CDH 5.x.x Requirements

  • Operating System : Ubuntu :
    Precise (12.04) - Long-Term Support (LTS): 64-bit
    CDH 5.3.x runs on both Trusty (14.04) and Precise (12.04)

  • Database :
    MySQL server version 5.5

  • JDK :
    Oracle JDK 1.7.0_67

  • Internet Protocol& Access :
    Protocol: IPv4
    Internet access to allow the wizard to install software packages or parcels from archive.cloudera.com

 

Ways of Installation

There are two ways of installations

  1. Automated method using Cloudera Manager

    Cloudera Manager automates the installation and configuration of CDH 5.

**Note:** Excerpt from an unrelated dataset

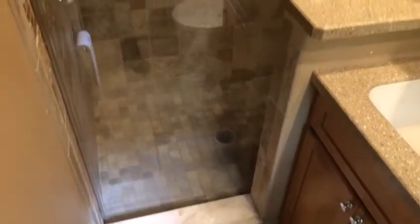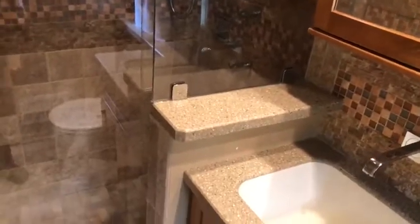Hey guys, my name is Ben with Exceptional Glass, 8883 Glass. Today I'm showcasing a custom Serenity inline shower enclosure with a knee wall transition.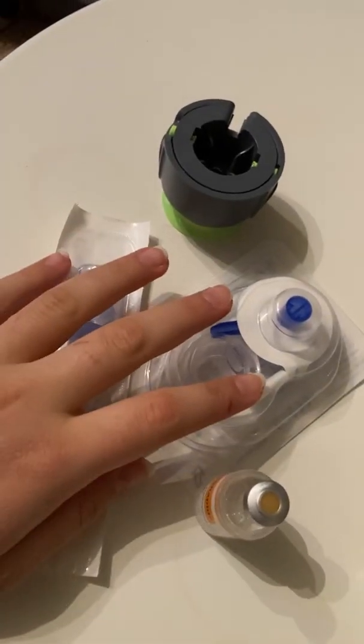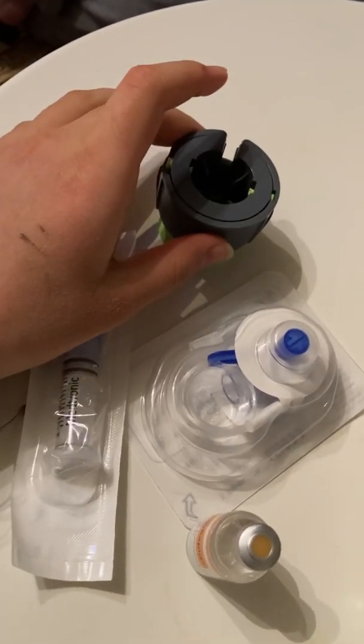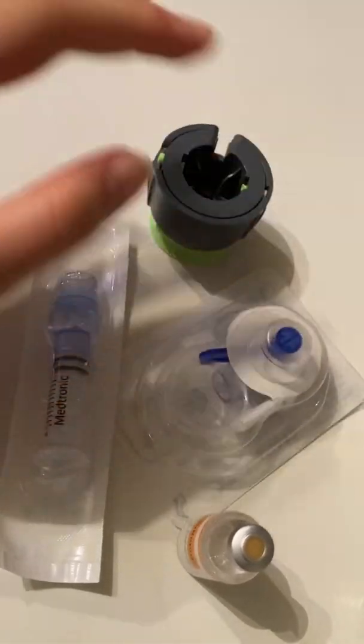Let me show you the materials. We have infusion sets, an insulin flow cone, and an attachment apparatus which helps us attach the infusion sets into the body.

    Note : Installing user to have root or password-less sudo SSH access to cluster's machines.

    This is our preferred installation path and rest of the document cater to this need only

  2. Manual methods:

    • Download the CDH 5 1-click Install package OR Add the CDH 5 repository OR Build your own CDH 5 repository

    • Deploy and install

 

Pre-installation steps for Installation Path 1 - Automated Installation by Cloudera Manager

  1. Create new user (hduser) and group (hadoop) dedicated for Hadoop

    $ sudo addgroup hadoop
    $ sudo adduser --ingroup hadoop hduser
    
  2. Install the SSH server and client

    $sudo apt-get install openssh-client
    $sudo apt-get install openssh-server
    
  3. Configuring passwordless SSH.

    We need to configure SSH access to localhost for the hduser user

    $ sudo gedit /etc/ssh/sshd_config
    
    Note : Set PubkeyAuthentication to Yes.
    $ sudo /etc/init.d/ssh reload
    
    To generate SSH key
    $ ssh-keygen
    $ ssh-add
    
    To enable SSH access to local machine with this newly created key
    $ cat $HOME/.ssh/id_rsa.pub >> $HOME/.ssh/authorized_keys
    
    To test the SSH setup
    $ ssh localhost
    
  4. Review network config - /etc/hosts

    A properly formatted /etc/hosts file should be similar to the following example:

    127.0.0.1	localhost.localdomain		localhost
    192.168.1.1	cluster-01.example.com		cluster-01 
    

    Use command 'hostname' and 'ifconfig' to get the hostname and ip address

  5. Check if IPv6 is disabled

    To check if IPv6 is enabled or disabled, from a terminal window:
    $ cat /proc/sys/net/ipv6/conf/all/disable_ipv6
    
    Note : 0 means it's enabled and 1 is disabled.
    To disable IPv6
    $ sudo su -
    $ nano  /etc/sysctl.conf
    

    Add these lines to sysctl.conf file

    #disable ipv6
    net.ipv6.conf.all.disable_ipv6 = 1
    net.ipv6.conf.default.disable_ipv6 = 1
    net.ipv6.conf.lo.disable_ipv6 = 1
    

    Save sysctl.conf file with new config and Reboot your system

  6. Configuring passwordless SUDO

    Important: In some Ubuntu system we don't have 'admin' group by default; instead we have a group named 'adm' (or may be something else); so make the below changes accordingly.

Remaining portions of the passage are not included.